Thursday, June 8, 2023

Which one of the following is NOT an effect of atropine on the human body.. Stimulation of gastric secretion



Which one of the following is NOT an effect of atropine on the human body?


  • A) Cardiac stimulation
  • B) Diminished sweating
  • C) Mydriasis
  • D) Reduction of gastrointestinal tone
  • E) Stimulation of gastric secretion***

Gastric secretion Gastric secretion is considered the first significant phase of digestion.

Control of gastric secretion:

The regulation of gastric secretion is a true paradigm of gastrointestinal functioning as a whole and depends on an intricate balance of transmitting chemo with excitatory and inhibitory actions simultaneously. These functions are performed by neural, endocrine, autocrine and paracrine routes. Classically, gastric secretion is divided into three phases: cephalic, gastric and intestinal. Cephalic phase: Even before the food is ingested, the stomach is prepared to receive the bolus through brain centers that respond to visual stimuli, smells, flavors and even thoughts related to food. Enteric neurons that release acetyl choline (act directly on the parietal cell and the enterochromaffin cell) and GRP gastrin-releasing peptide (in the vicinity of G cells release gastrin that activates parietal and main cells) are activated via vagal route. Gastric phase: Quantitatively more important phase.

The presence of food in the gastric lumen stimulates chemical and mechanical receptors. This is how amino acids and short chain peptides are able to stimulate the release of gastrin from G cells. Gastric distension triggers receptors that start neurally reflect the release of acetyl choline or GRP. Intestinal phase: This phase provides only a small portion of gastric acid secretion in the presence of food in the intestine. Its mediators are still controversial, among which is the neuropeptide related to the [calcitonin CGRP] gene] which acts on D cells to induce the release of somatostatin. This phase is not fully understood and is thought to serve to sterilize any gastric food remnants and prepare it for the next food.

Gastric juice components:

  • Hcl
  • parietal cell
  • Protein hydrolysis
  • Sterilization
  • Intrinsic factor
  • parietal cell
  • Absorption of vitamin B12
  • Pepsinogen
  • Main cell
  • Proteolysis
  • HCO3 (Mucus)
  • epithelial cell
  • Gastroprotection
  • Trefoil factors
  • Gastroprotection
  • Histamine
  • Enterochromine cell
  • Acid secretion regulation
  • Gastrina
  • G cell
  • Acid secretion regulation
  • Somatostatin
  • Cell D
  • Acid secretion regulation

Physiology of gastric acid secretion:


Basal acid secretion:

In the stomach at rest and on an empty stomach, acid secretion has a diurnal pattern and its proportion varies widely among normal people. Although serum gastrin concentrations do not correlate with basal acid production, the important factors are vagal "tone" and sex. Evidence indicates that a high vagal tone can lead to sustained baseline hypersecretion in some people and temporary hypersecretion during periods of stress in others. Women generally secrete less acid at baseline than men.

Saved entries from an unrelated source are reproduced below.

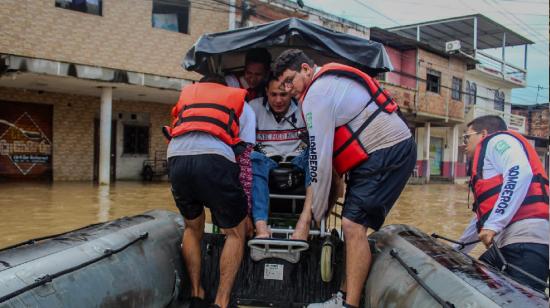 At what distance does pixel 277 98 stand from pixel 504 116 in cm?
3182

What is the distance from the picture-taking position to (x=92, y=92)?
17.5 metres

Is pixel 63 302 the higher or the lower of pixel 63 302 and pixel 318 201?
the lower

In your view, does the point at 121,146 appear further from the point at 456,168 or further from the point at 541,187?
the point at 456,168

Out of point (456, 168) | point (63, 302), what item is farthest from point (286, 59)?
point (456, 168)

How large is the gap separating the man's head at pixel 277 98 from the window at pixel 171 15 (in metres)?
14.3

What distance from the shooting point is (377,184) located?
9.54ft

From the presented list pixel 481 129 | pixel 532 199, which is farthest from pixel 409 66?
pixel 532 199

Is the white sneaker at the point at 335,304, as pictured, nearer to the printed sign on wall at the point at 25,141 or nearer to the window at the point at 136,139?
the printed sign on wall at the point at 25,141

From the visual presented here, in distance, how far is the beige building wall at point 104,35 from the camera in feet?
45.0

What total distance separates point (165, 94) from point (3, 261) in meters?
15.8

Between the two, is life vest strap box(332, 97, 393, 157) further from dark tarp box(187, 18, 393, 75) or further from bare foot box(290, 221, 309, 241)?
dark tarp box(187, 18, 393, 75)

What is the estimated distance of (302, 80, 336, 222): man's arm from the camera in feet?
9.43

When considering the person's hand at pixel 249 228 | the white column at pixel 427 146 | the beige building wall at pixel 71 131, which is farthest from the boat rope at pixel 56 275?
the white column at pixel 427 146

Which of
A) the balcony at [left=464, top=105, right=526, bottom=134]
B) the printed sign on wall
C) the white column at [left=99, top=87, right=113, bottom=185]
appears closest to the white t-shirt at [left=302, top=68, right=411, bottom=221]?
the white column at [left=99, top=87, right=113, bottom=185] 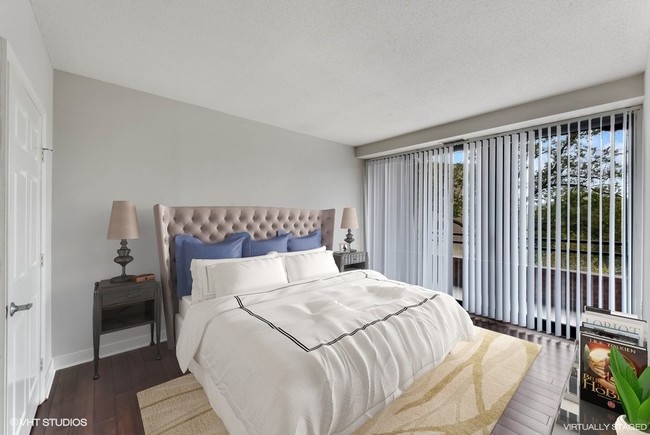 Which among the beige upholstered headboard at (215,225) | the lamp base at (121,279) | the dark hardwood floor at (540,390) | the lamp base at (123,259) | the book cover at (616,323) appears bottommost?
the dark hardwood floor at (540,390)

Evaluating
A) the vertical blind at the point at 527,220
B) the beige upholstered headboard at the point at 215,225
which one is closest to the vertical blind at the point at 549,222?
the vertical blind at the point at 527,220

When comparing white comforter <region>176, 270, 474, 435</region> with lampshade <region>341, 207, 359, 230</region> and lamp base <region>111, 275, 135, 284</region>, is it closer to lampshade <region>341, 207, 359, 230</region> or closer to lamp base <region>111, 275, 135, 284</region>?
lamp base <region>111, 275, 135, 284</region>

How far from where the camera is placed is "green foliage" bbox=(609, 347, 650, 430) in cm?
98

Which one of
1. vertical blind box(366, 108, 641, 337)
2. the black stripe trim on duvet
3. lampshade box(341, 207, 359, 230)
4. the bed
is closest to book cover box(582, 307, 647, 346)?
the bed

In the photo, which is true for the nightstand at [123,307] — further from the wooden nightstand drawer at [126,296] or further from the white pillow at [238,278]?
the white pillow at [238,278]

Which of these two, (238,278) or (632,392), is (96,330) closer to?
(238,278)

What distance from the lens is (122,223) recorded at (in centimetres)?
252

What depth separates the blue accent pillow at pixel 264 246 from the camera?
132 inches

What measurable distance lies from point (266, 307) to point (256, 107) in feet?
7.57

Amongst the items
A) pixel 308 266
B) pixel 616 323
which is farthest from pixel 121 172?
pixel 616 323

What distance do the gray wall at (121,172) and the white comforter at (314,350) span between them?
1.15 metres

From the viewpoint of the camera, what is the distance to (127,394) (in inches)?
85.6

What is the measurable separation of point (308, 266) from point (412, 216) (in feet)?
7.16

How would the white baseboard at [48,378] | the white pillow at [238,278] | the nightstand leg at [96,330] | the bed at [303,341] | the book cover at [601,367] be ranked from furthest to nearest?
the white pillow at [238,278], the nightstand leg at [96,330], the white baseboard at [48,378], the bed at [303,341], the book cover at [601,367] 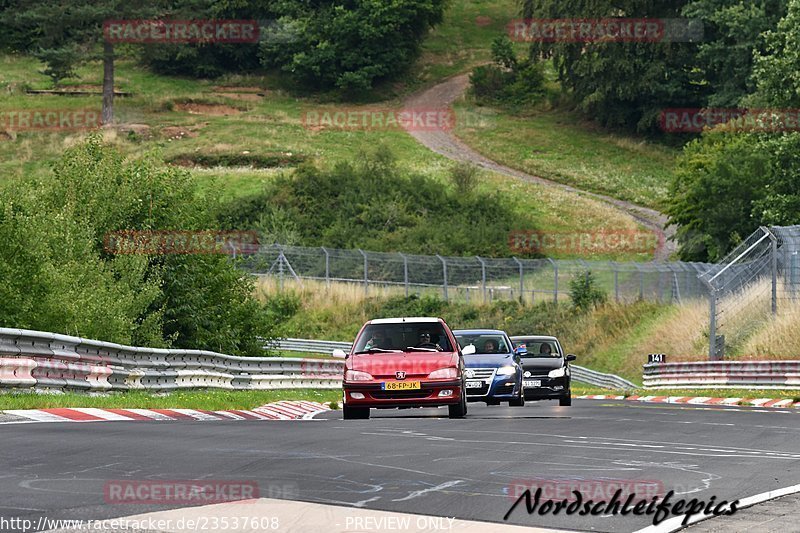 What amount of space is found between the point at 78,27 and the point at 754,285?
69632 millimetres

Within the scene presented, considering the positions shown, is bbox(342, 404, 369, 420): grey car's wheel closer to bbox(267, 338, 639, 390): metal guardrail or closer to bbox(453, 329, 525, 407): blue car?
bbox(453, 329, 525, 407): blue car

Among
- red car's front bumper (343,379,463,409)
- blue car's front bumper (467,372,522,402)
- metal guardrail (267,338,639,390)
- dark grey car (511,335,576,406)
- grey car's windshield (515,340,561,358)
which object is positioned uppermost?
red car's front bumper (343,379,463,409)

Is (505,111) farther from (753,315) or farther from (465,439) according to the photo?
(465,439)

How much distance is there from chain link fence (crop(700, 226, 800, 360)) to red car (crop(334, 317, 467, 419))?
17.8 m

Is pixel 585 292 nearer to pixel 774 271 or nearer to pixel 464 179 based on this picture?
pixel 774 271

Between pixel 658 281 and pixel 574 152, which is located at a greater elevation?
pixel 574 152

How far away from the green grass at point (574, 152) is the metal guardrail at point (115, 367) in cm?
5632

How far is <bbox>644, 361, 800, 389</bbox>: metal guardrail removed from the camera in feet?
107

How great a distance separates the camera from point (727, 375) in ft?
114

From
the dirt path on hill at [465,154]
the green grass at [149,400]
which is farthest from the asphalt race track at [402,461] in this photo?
the dirt path on hill at [465,154]

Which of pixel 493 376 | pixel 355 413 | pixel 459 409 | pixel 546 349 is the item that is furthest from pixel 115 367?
pixel 546 349

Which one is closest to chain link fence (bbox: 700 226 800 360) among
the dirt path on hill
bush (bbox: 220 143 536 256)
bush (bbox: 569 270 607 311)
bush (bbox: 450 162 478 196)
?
bush (bbox: 569 270 607 311)

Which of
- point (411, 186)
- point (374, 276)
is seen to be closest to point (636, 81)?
point (411, 186)

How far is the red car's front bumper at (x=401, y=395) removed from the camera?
19484mm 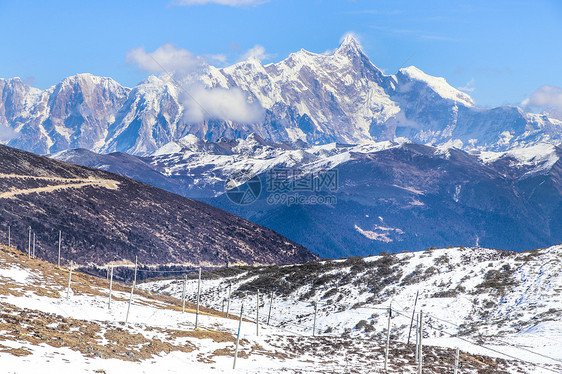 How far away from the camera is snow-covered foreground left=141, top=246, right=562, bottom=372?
275 feet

Stimulated acid secretion:

In the activation of the cellular receptors of the gastric parietal cell 2 mechanisms are involved: one central and one peripheral. The central nervous system integrates sensory information that comes from specialized senses, central chemoreceptors and visceral sensory receptors. Efferent stimulating impulses are transmitted through the vagus nerve to the peripheral neurons of the enteric nervous system.

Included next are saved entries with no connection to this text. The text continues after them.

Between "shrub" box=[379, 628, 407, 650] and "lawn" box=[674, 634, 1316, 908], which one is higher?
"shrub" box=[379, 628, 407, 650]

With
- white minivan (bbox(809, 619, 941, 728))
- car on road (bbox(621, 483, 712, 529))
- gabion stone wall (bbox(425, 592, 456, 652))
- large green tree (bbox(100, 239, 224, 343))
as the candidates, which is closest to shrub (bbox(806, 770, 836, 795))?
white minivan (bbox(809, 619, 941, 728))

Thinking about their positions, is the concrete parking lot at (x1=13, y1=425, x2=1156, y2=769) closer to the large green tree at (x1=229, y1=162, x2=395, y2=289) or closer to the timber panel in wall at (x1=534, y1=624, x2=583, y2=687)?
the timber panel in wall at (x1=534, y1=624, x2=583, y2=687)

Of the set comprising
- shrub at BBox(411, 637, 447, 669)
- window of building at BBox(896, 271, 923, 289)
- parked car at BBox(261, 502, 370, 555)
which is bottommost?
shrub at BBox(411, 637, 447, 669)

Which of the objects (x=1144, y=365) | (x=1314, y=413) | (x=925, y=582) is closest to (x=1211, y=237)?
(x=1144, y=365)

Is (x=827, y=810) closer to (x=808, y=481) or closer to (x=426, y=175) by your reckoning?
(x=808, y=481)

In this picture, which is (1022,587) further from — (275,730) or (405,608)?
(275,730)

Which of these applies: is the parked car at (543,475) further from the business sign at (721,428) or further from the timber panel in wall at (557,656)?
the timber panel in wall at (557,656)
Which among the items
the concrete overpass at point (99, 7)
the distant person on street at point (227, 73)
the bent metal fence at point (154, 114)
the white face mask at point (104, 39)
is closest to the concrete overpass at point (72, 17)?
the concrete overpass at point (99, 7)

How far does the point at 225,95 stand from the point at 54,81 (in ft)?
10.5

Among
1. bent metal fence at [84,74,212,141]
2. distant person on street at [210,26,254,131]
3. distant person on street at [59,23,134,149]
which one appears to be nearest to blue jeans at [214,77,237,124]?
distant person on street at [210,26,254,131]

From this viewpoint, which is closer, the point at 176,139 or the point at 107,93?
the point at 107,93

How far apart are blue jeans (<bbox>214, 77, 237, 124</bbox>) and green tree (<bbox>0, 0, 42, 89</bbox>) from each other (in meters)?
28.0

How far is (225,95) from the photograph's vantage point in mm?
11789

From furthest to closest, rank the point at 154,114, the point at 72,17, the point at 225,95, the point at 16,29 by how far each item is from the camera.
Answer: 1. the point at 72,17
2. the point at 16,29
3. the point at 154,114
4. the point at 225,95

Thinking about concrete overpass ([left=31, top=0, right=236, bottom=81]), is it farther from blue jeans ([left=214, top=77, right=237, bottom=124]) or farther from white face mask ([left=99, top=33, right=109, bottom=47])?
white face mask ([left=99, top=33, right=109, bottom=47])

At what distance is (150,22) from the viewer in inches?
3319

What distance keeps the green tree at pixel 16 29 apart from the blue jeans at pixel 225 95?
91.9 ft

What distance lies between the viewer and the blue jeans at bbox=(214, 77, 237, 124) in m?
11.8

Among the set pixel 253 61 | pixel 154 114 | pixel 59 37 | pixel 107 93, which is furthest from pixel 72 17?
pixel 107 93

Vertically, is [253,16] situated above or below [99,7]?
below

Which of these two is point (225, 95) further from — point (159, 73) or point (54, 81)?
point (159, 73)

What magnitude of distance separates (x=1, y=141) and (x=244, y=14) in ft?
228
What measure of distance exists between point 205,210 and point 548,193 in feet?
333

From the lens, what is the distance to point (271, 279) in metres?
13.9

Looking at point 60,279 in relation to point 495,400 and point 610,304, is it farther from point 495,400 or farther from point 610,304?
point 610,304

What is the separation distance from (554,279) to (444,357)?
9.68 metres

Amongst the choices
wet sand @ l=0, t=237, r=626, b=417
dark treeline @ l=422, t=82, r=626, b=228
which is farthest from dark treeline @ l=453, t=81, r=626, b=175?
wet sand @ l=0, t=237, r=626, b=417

The enteric nervous system integrates information from the vagus, with peripheral sensory information and regulates the release of mediating substances that activate the parietal cell. The most important substances that are released are acetylcholine, by the fibers of the vagus nerve and histamine, by cells similar to the entherochromaffins (ECL). The stimulation of the ECL to release histamine is the major route of regulation for the stimulation of acid secretion by the parietal cell.

The best peripheral mechanism for the regulation of gastric acid secretion is the plasma gastrin level, which is raised by the arrival of food to the antral region (mainly proteins and amino acids) and decreases the level when the secretion of gastrin by an intragastric pH less than 3. in the presence of food, can lead to hypergastrinemia.